I'm by no means an expert, but I have a couple questions...Is the A over? I know you might not know, but does it at least seem like it's deep underground or that it might not be happening anymore? It seems that your W is reaching out to you, almost begging for some kind of communication/affirmation from you. The texts, the conversations...none of it seems mean to me. None of it seems like anger focused at you. It seems like depression and a true reaching out to you for some kind of affirmation.

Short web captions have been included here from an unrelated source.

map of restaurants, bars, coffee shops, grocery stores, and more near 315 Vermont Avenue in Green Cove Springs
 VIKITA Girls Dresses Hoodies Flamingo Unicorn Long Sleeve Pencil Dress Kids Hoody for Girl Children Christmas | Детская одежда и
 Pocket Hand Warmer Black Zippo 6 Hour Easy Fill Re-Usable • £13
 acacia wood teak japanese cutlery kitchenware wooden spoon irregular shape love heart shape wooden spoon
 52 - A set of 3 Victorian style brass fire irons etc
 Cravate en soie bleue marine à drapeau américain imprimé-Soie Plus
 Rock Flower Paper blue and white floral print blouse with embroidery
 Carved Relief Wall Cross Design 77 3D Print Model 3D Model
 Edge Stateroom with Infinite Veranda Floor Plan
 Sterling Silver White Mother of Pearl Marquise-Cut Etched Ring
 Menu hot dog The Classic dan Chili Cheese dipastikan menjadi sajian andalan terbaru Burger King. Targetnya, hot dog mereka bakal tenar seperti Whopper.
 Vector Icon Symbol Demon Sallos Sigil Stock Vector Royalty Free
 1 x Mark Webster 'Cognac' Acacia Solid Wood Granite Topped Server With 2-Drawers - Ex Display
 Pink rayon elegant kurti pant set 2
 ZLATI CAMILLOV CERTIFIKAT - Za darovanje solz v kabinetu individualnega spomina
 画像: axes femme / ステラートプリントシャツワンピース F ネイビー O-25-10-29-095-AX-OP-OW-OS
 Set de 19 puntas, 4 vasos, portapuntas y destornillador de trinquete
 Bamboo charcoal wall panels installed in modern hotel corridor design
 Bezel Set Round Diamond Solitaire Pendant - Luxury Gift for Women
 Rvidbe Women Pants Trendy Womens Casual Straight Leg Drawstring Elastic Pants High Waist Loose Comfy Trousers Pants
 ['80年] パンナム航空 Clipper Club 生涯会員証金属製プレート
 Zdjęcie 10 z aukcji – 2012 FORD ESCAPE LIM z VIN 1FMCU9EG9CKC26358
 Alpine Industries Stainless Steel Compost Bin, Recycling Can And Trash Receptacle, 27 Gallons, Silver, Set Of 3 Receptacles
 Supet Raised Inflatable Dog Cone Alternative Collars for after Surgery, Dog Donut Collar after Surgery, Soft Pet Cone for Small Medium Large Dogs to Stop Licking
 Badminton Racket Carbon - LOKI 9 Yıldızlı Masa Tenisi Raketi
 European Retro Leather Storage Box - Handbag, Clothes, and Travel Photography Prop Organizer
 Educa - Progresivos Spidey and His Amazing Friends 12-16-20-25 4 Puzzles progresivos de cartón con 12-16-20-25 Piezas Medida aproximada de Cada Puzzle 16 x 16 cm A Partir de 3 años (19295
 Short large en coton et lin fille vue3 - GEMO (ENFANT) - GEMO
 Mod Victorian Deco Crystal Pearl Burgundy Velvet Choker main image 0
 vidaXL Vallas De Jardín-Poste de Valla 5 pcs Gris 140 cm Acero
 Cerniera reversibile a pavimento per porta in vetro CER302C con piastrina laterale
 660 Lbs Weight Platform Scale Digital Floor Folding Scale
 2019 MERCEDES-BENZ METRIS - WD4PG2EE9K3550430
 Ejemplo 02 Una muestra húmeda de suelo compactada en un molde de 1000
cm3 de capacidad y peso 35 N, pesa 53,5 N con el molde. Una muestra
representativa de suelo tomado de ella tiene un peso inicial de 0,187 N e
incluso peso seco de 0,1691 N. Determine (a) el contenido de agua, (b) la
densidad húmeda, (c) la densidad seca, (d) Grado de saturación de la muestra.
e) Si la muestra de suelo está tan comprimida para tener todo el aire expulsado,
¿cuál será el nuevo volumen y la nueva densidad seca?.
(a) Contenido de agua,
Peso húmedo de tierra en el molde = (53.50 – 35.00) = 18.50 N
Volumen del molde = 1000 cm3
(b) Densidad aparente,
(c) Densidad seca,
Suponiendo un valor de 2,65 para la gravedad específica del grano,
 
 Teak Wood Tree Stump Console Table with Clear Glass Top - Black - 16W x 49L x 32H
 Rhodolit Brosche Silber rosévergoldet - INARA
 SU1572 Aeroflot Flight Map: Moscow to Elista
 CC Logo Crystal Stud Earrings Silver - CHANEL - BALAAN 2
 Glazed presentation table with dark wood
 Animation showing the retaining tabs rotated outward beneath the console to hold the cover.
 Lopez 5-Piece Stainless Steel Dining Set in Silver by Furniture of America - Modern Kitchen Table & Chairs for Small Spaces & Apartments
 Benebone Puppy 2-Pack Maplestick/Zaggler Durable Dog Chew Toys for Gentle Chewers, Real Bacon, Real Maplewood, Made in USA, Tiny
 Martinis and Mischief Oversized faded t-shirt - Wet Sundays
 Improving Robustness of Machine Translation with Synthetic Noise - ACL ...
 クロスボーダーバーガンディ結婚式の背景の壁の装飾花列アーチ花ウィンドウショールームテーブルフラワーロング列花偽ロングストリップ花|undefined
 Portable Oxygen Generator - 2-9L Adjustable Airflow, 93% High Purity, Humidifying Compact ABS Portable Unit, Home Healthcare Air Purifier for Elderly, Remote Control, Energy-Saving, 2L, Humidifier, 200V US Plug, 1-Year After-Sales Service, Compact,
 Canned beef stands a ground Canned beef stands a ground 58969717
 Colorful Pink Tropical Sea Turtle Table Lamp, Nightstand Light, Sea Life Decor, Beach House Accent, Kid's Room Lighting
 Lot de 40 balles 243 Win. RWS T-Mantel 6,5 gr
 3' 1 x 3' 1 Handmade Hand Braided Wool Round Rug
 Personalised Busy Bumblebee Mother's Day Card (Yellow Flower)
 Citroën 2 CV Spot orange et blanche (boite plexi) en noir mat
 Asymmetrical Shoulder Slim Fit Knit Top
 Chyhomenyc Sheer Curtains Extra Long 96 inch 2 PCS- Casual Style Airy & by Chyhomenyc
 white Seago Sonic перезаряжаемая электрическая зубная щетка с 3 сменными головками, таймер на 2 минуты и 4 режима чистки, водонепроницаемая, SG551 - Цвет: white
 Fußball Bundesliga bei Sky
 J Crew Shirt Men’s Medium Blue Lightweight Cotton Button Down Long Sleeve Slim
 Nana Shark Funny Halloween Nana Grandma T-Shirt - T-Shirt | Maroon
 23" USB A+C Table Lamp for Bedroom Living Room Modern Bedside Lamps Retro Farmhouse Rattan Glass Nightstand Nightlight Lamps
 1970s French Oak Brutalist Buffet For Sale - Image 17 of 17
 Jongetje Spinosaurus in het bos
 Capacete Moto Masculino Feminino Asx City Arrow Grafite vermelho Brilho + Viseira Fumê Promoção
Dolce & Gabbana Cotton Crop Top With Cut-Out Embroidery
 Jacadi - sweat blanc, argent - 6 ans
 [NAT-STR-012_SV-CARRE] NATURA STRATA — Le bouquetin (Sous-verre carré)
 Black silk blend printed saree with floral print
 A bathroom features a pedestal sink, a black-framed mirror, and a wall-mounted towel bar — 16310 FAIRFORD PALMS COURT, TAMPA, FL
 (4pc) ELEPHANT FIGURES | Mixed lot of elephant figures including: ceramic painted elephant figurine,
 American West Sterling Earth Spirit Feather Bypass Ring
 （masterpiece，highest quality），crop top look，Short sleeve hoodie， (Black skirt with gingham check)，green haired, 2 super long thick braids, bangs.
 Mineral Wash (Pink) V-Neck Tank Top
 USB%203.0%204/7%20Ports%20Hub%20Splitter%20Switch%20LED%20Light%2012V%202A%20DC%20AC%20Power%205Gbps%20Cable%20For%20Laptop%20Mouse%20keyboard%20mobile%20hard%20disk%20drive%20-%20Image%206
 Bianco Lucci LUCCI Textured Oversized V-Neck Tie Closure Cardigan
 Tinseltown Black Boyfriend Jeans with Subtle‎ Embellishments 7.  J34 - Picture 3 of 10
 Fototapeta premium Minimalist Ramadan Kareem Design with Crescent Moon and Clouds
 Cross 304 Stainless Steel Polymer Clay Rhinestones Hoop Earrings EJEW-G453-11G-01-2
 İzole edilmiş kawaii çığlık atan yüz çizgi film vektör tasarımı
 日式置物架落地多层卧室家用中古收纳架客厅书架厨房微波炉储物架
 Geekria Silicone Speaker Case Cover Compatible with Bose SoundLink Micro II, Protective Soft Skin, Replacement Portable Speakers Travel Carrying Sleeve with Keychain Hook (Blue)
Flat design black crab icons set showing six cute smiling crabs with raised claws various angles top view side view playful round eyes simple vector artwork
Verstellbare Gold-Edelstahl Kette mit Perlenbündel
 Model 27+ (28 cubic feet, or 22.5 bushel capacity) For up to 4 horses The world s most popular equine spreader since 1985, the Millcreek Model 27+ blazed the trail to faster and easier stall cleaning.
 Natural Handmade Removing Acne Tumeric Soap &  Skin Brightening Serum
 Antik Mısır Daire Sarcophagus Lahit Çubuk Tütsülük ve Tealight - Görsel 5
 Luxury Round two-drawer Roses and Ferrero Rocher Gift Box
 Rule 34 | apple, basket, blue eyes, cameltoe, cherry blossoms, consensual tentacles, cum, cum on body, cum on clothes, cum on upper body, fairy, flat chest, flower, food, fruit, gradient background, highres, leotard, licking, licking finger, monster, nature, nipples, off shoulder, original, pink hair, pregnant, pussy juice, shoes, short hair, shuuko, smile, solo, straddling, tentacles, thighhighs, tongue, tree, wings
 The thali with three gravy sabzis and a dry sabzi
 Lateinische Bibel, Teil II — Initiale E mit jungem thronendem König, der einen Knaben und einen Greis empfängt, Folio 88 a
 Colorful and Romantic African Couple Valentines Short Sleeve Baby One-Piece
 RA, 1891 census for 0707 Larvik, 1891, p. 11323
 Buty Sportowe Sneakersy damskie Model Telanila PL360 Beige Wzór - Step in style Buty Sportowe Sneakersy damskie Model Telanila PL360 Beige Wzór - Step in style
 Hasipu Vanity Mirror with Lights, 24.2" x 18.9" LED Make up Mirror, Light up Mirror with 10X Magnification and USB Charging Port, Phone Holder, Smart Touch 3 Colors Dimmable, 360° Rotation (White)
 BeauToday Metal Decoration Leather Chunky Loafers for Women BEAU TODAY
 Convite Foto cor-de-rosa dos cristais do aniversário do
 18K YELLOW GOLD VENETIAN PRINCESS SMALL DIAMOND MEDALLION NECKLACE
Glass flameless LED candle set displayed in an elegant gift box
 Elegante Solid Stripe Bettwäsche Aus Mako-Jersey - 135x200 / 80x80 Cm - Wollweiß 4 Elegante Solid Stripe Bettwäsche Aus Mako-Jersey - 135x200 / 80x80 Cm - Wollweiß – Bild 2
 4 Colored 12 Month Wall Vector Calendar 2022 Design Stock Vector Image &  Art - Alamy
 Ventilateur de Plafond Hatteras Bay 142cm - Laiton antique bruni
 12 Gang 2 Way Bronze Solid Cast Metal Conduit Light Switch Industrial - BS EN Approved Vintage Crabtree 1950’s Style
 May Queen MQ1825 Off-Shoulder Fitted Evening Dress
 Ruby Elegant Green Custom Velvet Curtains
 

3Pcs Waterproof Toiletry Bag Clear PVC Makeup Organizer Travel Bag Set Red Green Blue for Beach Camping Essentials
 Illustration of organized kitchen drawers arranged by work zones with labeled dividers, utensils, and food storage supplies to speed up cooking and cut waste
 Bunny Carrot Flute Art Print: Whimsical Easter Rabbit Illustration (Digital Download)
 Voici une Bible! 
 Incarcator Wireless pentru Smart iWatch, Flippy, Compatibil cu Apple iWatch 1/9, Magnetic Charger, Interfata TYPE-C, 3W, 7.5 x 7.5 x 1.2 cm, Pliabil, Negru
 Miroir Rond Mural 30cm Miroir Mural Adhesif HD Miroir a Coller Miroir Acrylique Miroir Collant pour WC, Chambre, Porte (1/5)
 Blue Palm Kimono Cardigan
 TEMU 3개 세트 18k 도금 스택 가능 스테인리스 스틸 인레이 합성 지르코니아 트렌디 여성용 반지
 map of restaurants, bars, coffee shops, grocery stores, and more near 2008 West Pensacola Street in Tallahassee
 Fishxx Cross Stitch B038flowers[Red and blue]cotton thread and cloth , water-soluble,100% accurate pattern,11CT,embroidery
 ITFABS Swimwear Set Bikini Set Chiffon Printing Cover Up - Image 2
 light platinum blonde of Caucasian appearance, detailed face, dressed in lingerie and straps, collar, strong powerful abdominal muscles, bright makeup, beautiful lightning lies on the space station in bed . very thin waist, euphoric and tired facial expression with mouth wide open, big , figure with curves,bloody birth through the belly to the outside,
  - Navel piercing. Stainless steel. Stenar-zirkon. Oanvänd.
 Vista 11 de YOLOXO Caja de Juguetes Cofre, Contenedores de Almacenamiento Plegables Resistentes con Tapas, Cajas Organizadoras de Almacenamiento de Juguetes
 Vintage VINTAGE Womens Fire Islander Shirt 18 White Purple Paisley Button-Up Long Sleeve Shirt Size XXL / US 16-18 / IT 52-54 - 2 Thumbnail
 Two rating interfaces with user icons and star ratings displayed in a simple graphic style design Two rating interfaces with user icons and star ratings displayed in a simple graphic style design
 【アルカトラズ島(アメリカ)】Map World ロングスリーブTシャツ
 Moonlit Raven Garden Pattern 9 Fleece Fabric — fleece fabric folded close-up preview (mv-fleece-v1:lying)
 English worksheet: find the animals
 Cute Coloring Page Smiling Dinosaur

I'm not saying that you need to abandon DB principles. Obviously those work. I'm not saying that you need to go full in and start talking about saving your M or reconciling...but maybe a little testing of the waters of your own is in order here. A vet can chime in better than I can, but if she's truly making an attempt to get you to open up, I think it's warranted and what is right. Now if the A is still happening and she's just playing both sides, or wants sympathy from you and OM both, then no way, but I'm a little torn with your current approach of just walking away and avoiding having potentially some game-changing conversation with her.
Again, let someone better at this affirm what I'm saying, but I've been jumping at a lot of opportunities to connect with my W because she's willing to do so. I'm staying protective of my emotions, and validating, etc., borrowing some techniques from piecing even though we aren't, but it seems to be working a little. I can always pull back if the alarm starts ringing.